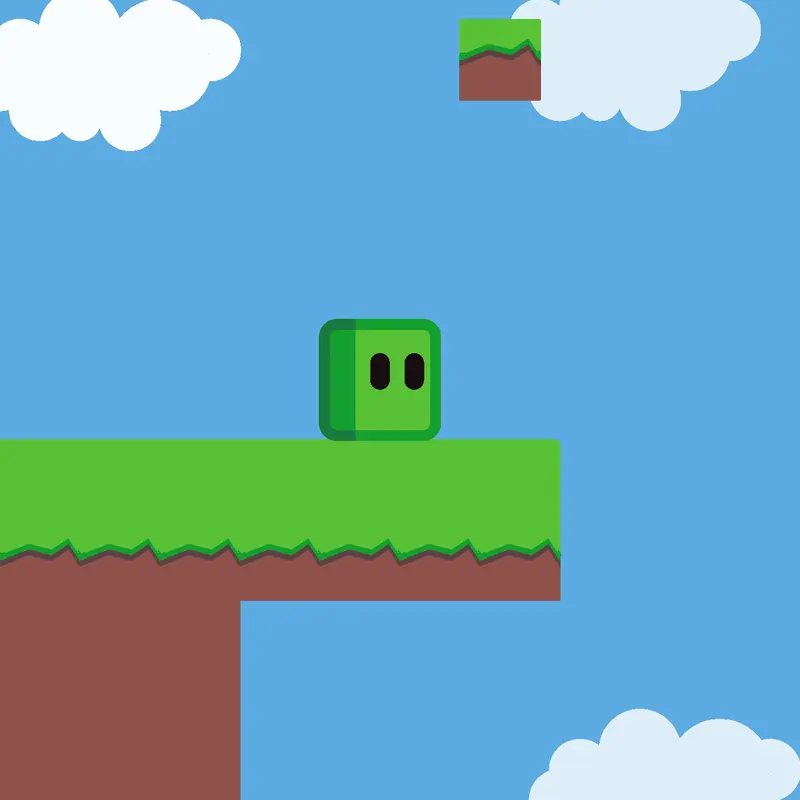 Game by @cat_with_beard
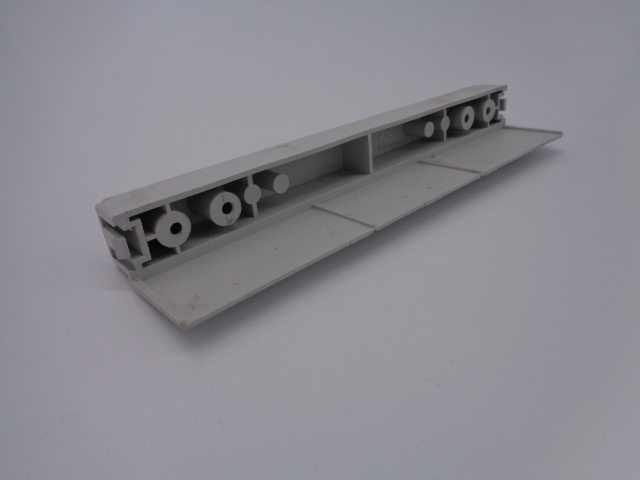 8US1-922-1BA00 by SIEMENS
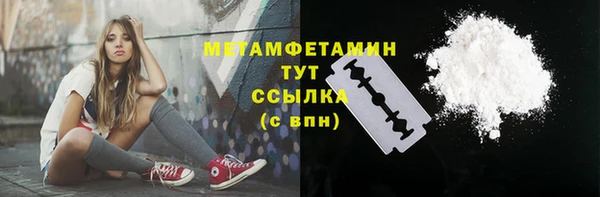 прущие грибы Белоозёрский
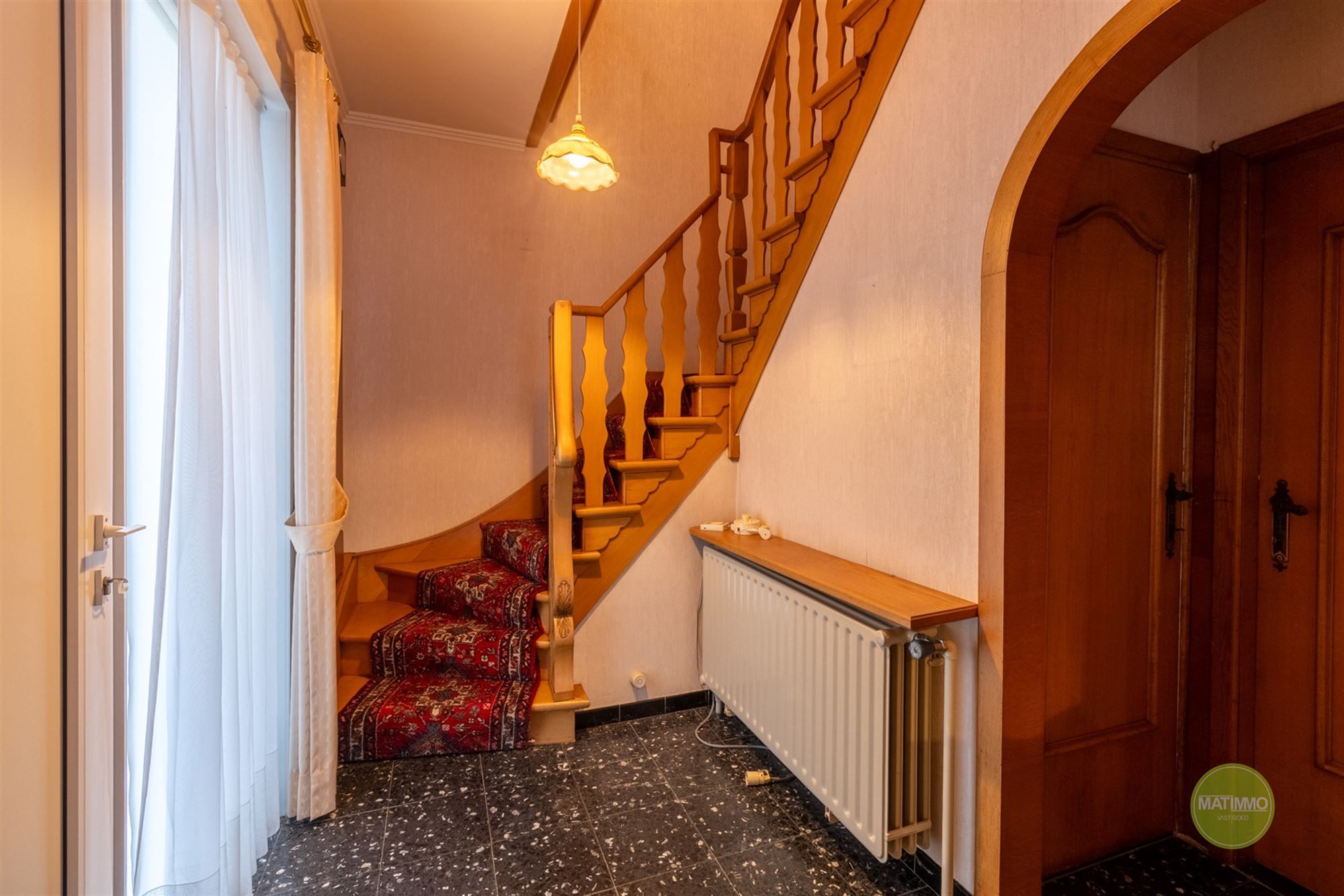 Ruime woning met 3 slaapkamers te Mol-Achterbos.  foto 11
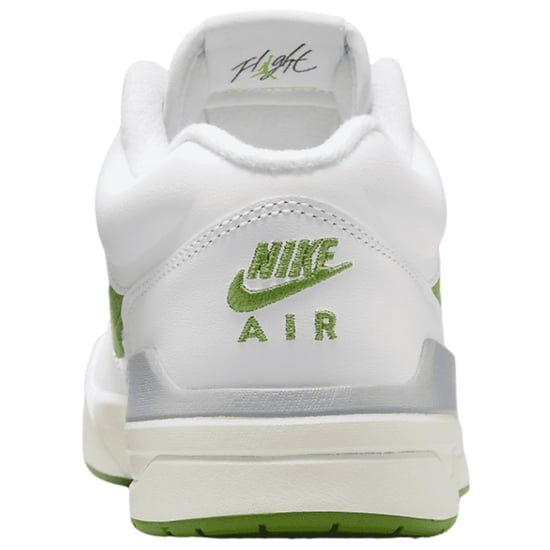 Nike Jordan Stadium White Trainers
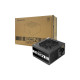 Блок питания Chieftec 600W Eon (ZPU-600S)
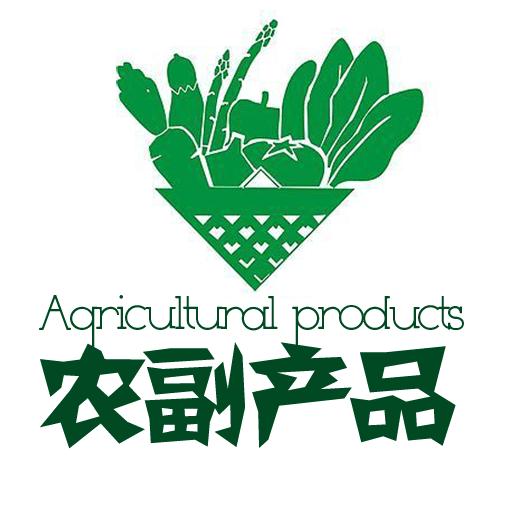 戢礼杨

= = = = = = =

Repeat the lines exactly, starting with the line that contains "Nike Jordan Stadium White Trainers" and ending with the last line of the entries. Keep both of those lines but no pictures.

 Nike Jordan Stadium White Trainers
 Блок питания Chieftec 600W Eon (ZPU-600S)
 戢礼杨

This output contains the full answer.